## WHAT THIS TASK INVOLVES
Copy out the entries that follow exactly, leaving out the pictures.

Extracted records:
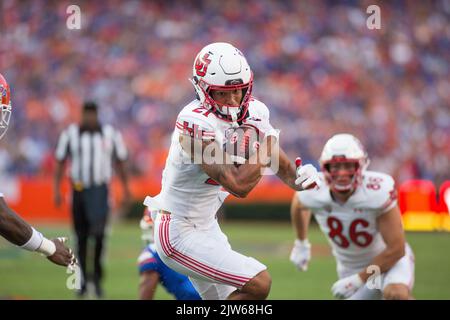 September 3, 2022: Utah Utes wide receiver Solomon Enis (21) move the ball up the field during the NCAA football game between the Utah Utes and the Florida Gators at Ben Hill Griffin Stadium Gainesville, FL. The Florida Gators defeat number 7 Utah Utes 29 to 26. Jonathan Huff/CSM. Stock Photo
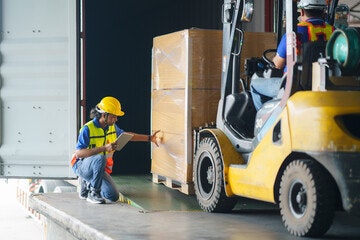 Man looking at box on machine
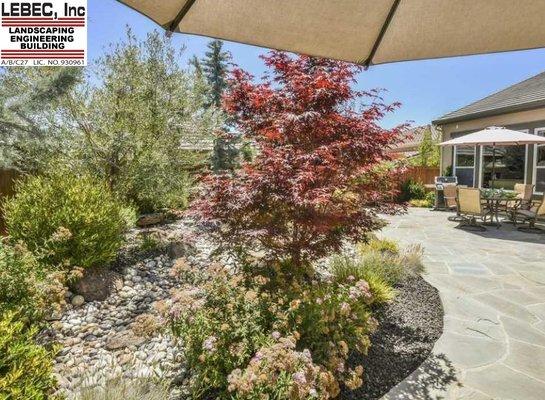 Installed in 2014 this picture was taken in 2018. Designed as a nature preserve, dry river bed, flagstone patio and walkway.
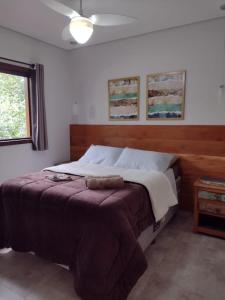 a bedroom with a large bed with a brown blanket at Vila Verde Chalés-Serro in Sêrro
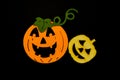 Handmade Halloween pumpkins isolated on black background. Sponge and wood pumpkins. Royalty Free Stock Photo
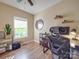 Home office with hardwood floors, large window, desk and built in shelving at 215 6Th St, Belmont, NC 28012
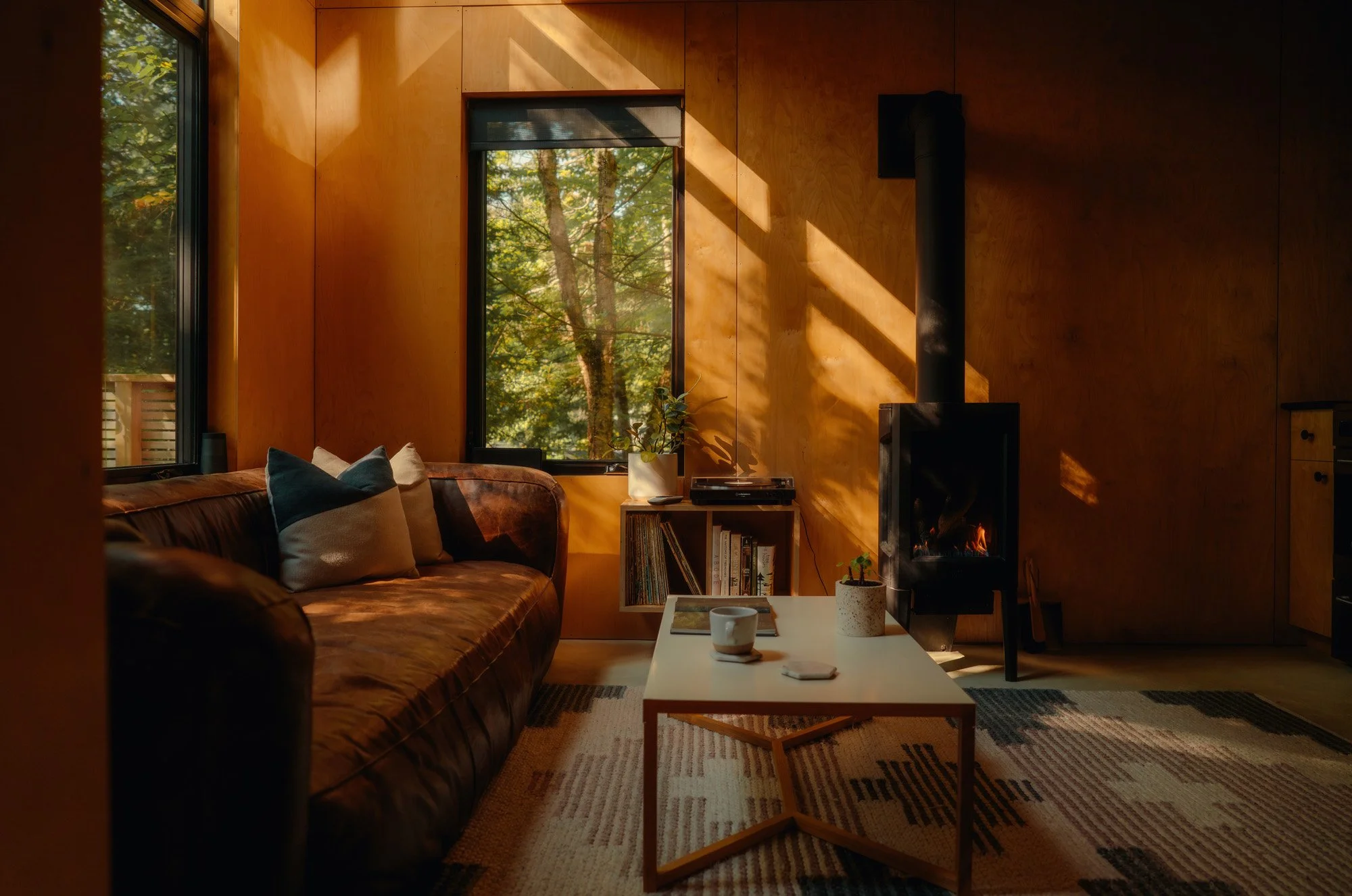 A cozy living room with wooden walls, a leather sofa with cushions, a white coffee table with a cup and remote on it, a small bookshelf with books, a potted plant, and a wood-burning stove with a fire. Sunlight streams through large windows showing t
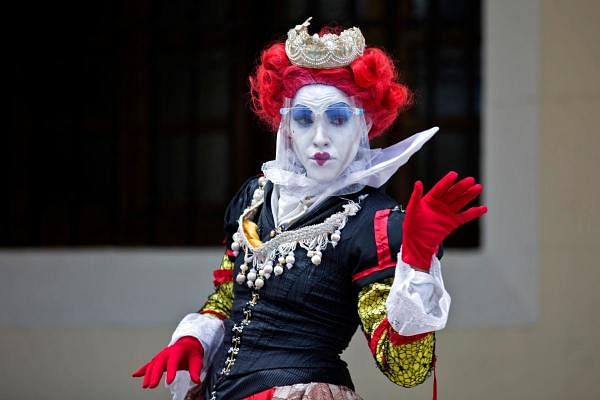 A woman disguised as The Queen of Hearts and wearing a protective, mask works as a living statue at the colonial area in Santo Domingo. Credit: AFP Photo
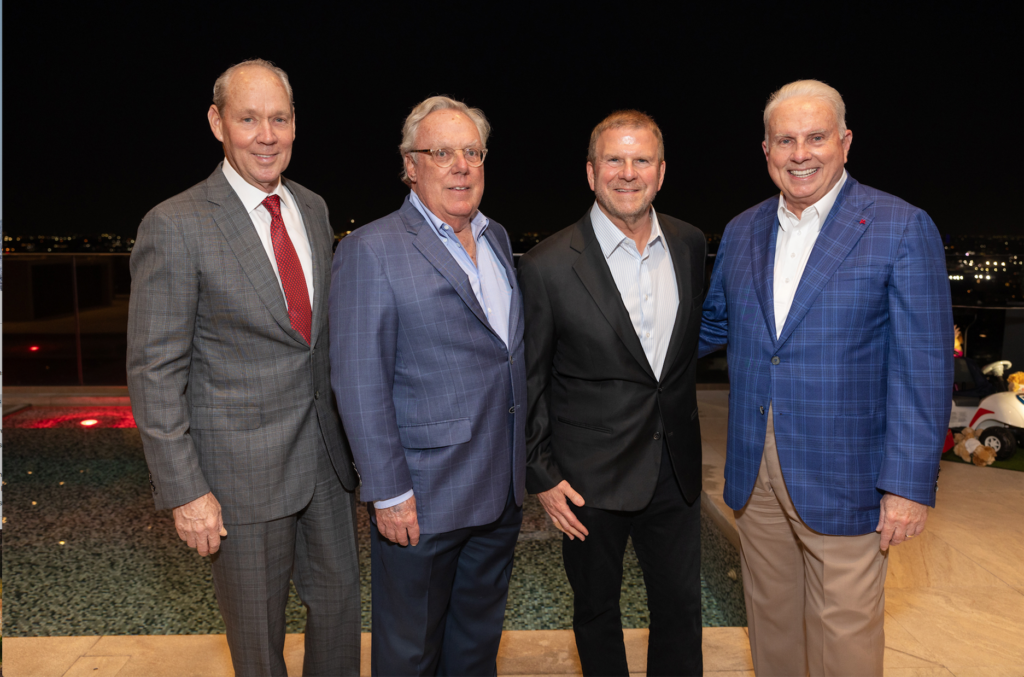Jim Crane, Mike Linn, Tilman Fertitta, Mark A. Wallace — the big guns at the Texas Children's Houston Open Tee-Off party held in the two-story penthouse suite at Fertitta's Post Oak Hotel. (Photo by Jenny Antill)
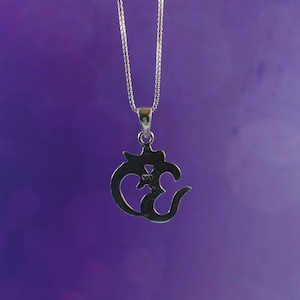 May include: A silver-colored pendant necklace featuring the Om symbol. The pendant is intricately designed with a stylized script and hangs from a delicate chain. The background is a gradient of purple hues.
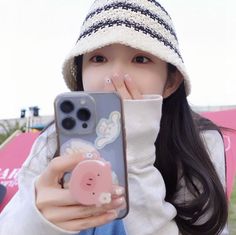 a girl holding her phone up to her face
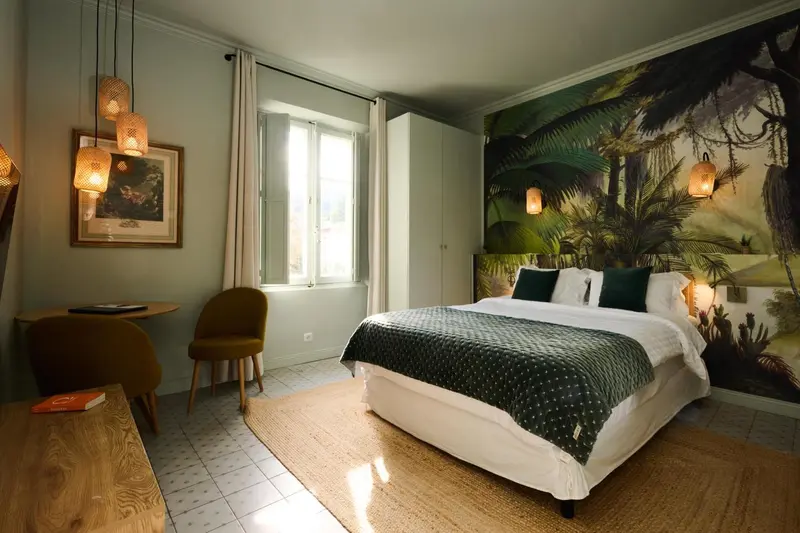Une chambre lumineuse avec un lit recouvert d'une courtepointe et un mur décoré d'une jungle luxuriante.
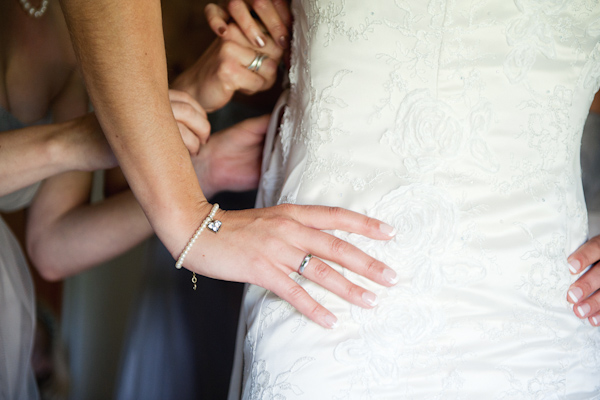 Putting on the wedding dress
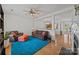 Cozy living room with hardwood floors, ceiling fan, and bright turquoise rug at 11139 Dundarrach Ln, Charlotte, NC 28277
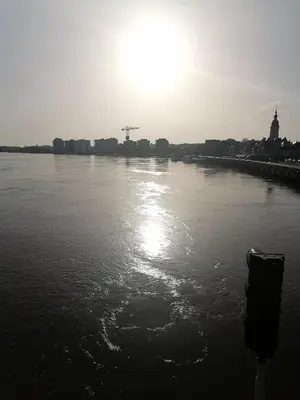 a black and white photo of a river with the sun at Unique renovated chapel in Temse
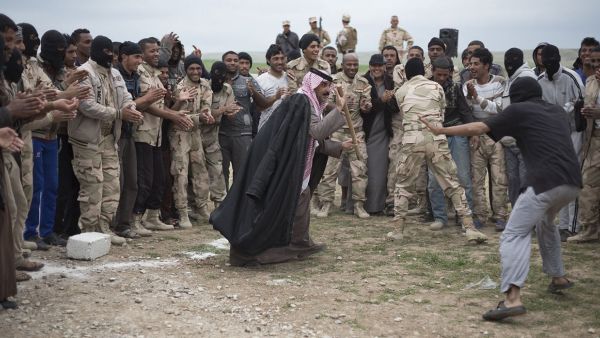 Bedouin volunteers dance as they relax after a day’s training in Iraqi Kurdistan. (Photo/Matt Cetti Roberts)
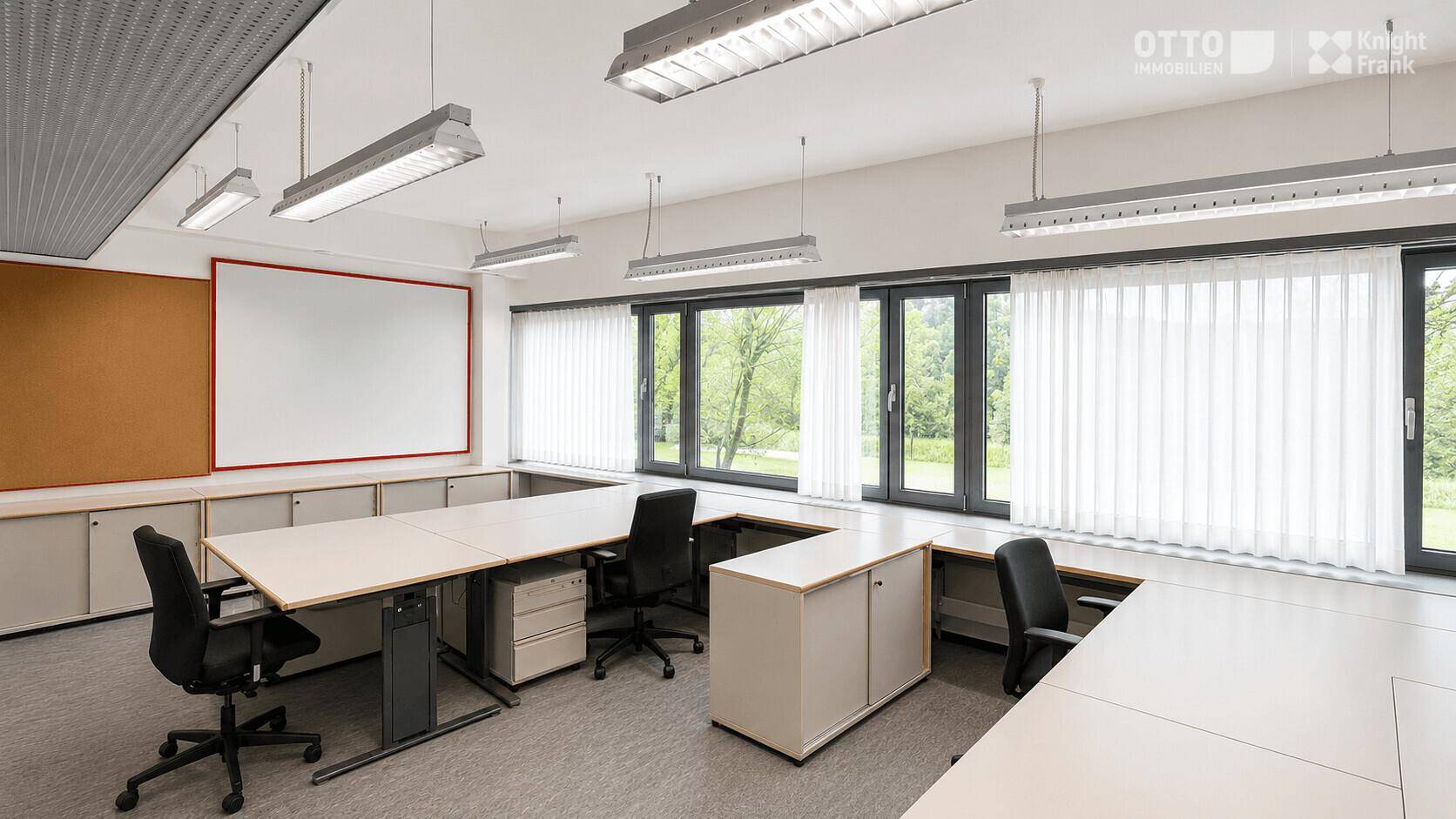 Helles Büro mit großen Fenstern, Jalousien und mehreren Arbeitsplätzen.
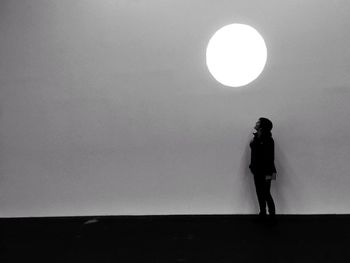 Optical illusion of woman looking at spotlight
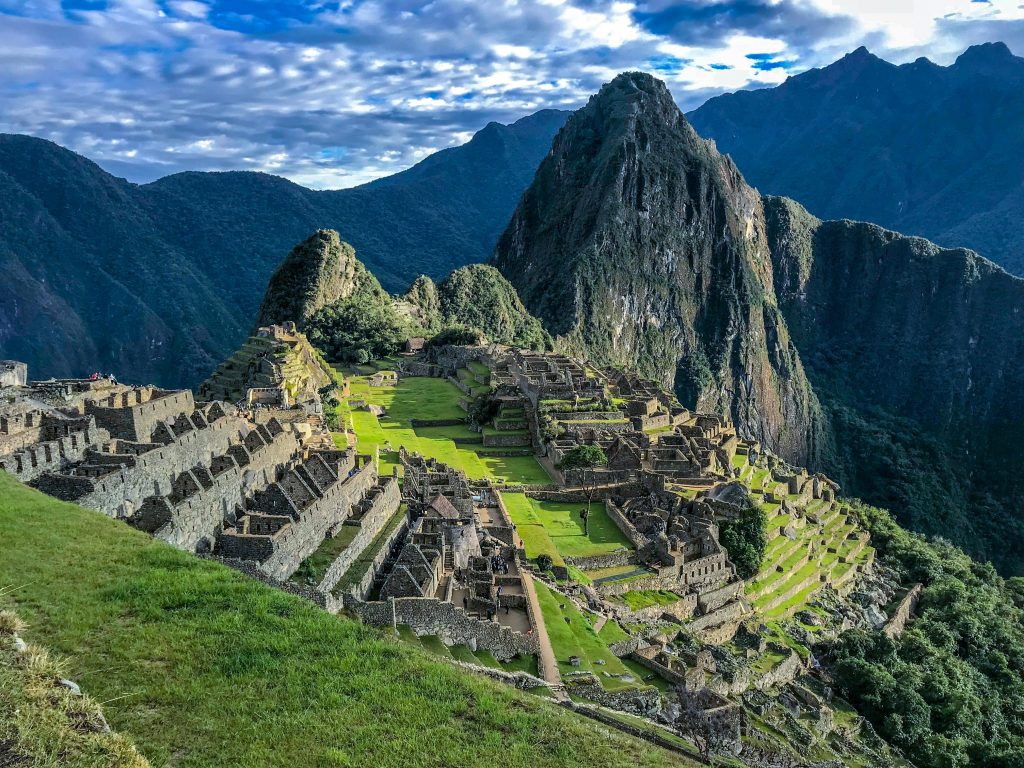 Machu Picchu Explore the stunning ancient ruins of Machu Picchu, a UNESCO World Heritage Site in Peru, surrounded by majestic mountains.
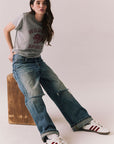 Full front view of model sitting on an apple box wearing Wildcat Spirit Tee in Heather Grey with maroon wildcat chest graphic with blue jeans, and white sneakers with red stripes on a light background.
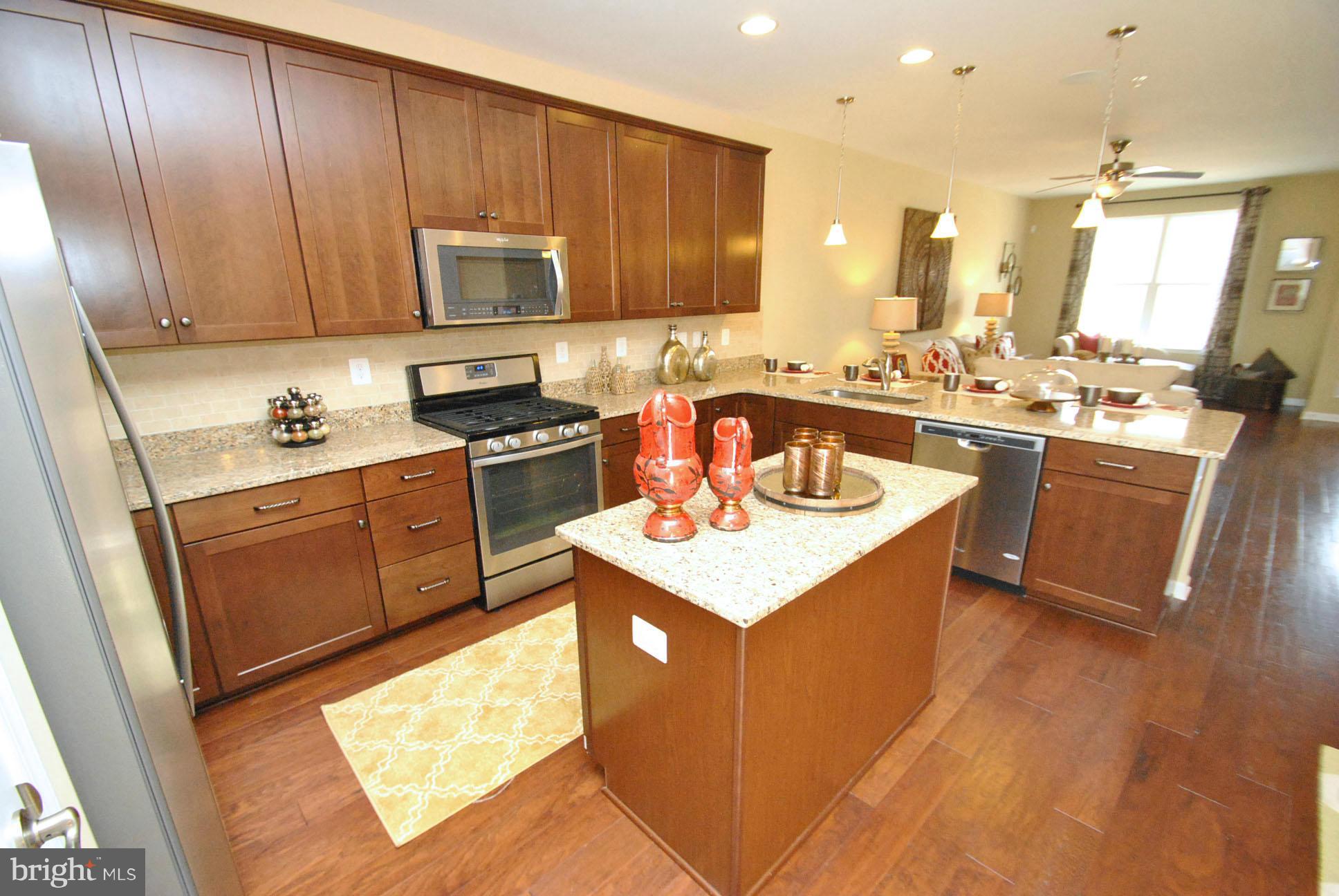 937 Ramble Run Road Middle River, MD 21220 - Photo 9 of 21 a kitchen with a sink stove and cabinets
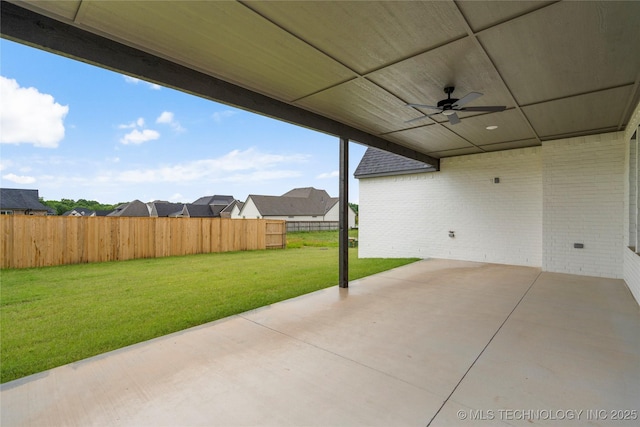 2078 E 136th Pl S, Bixby, OK 74008 - fenced backyard with a ceiling fan, a patio area, and a residential view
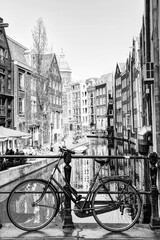 Naklejka na ściany i meble Canal, Houses and Bike in Amsterdam Black & White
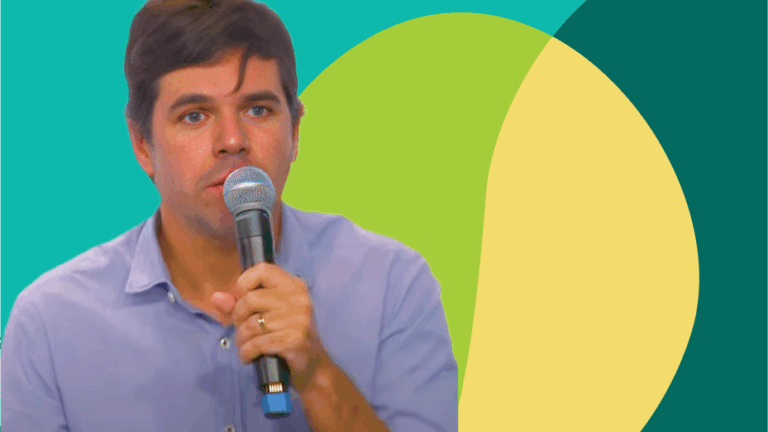 Foto recortada de homem branco de olhos claros falando ao microfone.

## RESPONSE AREA
 September 3, 2022: Utah Utes wide receiver Solomon Enis (21) move the ball up the field during the NCAA football game between the Utah Utes and the Florida Gators at Ben Hill Griffin Stadium Gainesville, FL. The Florida Gators defeat number 7 Utah Utes 29 to 26. Jonathan Huff/CSM. Stock Photo
 Man looking at box on machine
 Installed in 2014 this picture was taken in 2018. Designed as a nature preserve, dry river bed, flagstone patio and walkway.
 a bedroom with a large bed with a brown blanket at Vila Verde Chalés-Serro in Sêrro
 Handmade Halloween pumpkins isolated on black background. Sponge and wood pumpkins. Royalty Free Stock Photo
 Home office with hardwood floors, large window, desk and built in shelving at 215 6Th St, Belmont, NC 28012
 A cozy living room with wooden walls, a leather sofa with cushions, a white coffee table with a cup and remote on it, a small bookshelf with books, a potted plant, and a wood-burning stove with a fire. Sunlight streams through large windows showing t
 A woman disguised as The Queen of Hearts and wearing a protective, mask works as a living statue at the colonial area in Santo Domingo. Credit: AFP Photo
Jim Crane, Mike Linn, Tilman Fertitta, Mark A. Wallace — the big guns at the Texas Children's Houston Open Tee-Off party held in the two-story penthouse suite at Fertitta's Post Oak Hotel. (Photo by Jenny Antill)
 May include: A silver-colored pendant necklace featuring the Om symbol. The pendant is intricately designed with a stylized script and hangs from a delicate chain. The background is a gradient of purple hues.
 a girl holding her phone up to her face
Une chambre lumineuse avec un lit recouvert d'une courtepointe et un mur décoré d'une jungle luxuriante.
 Putting on the wedding dress
 Cozy living room with hardwood floors, ceiling fan, and bright turquoise rug at 11139 Dundarrach Ln, Charlotte, NC 28277
 a black and white photo of a river with the sun at Unique renovated chapel in Temse
 Bedouin volunteers dance as they relax after a day’s training in Iraqi Kurdistan. (Photo/Matt Cetti Roberts)
 Helles Büro mit großen Fenstern, Jalousien und mehreren Arbeitsplätzen.
 Optical illusion of woman looking at spotlight
 Machu Picchu Explore the stunning ancient ruins of Machu Picchu, a UNESCO World Heritage Site in Peru, surrounded by majestic mountains.
 Full front view of model sitting on an apple box wearing Wildcat Spirit Tee in Heather Grey with maroon wildcat chest graphic with blue jeans, and white sneakers with red stripes on a light background.
 937 Ramble Run Road Middle River, MD 21220 - Photo 9 of 21 a kitchen with a sink stove and cabinets
 2078 E 136th Pl S, Bixby, OK 74008 - fenced backyard with a ceiling fan, a patio area, and a residential view
 Naklejka na ściany i meble Canal, Houses and Bike in Amsterdam Black & White
 Foto recortada de homem branco de olhos claros falando ao microfone.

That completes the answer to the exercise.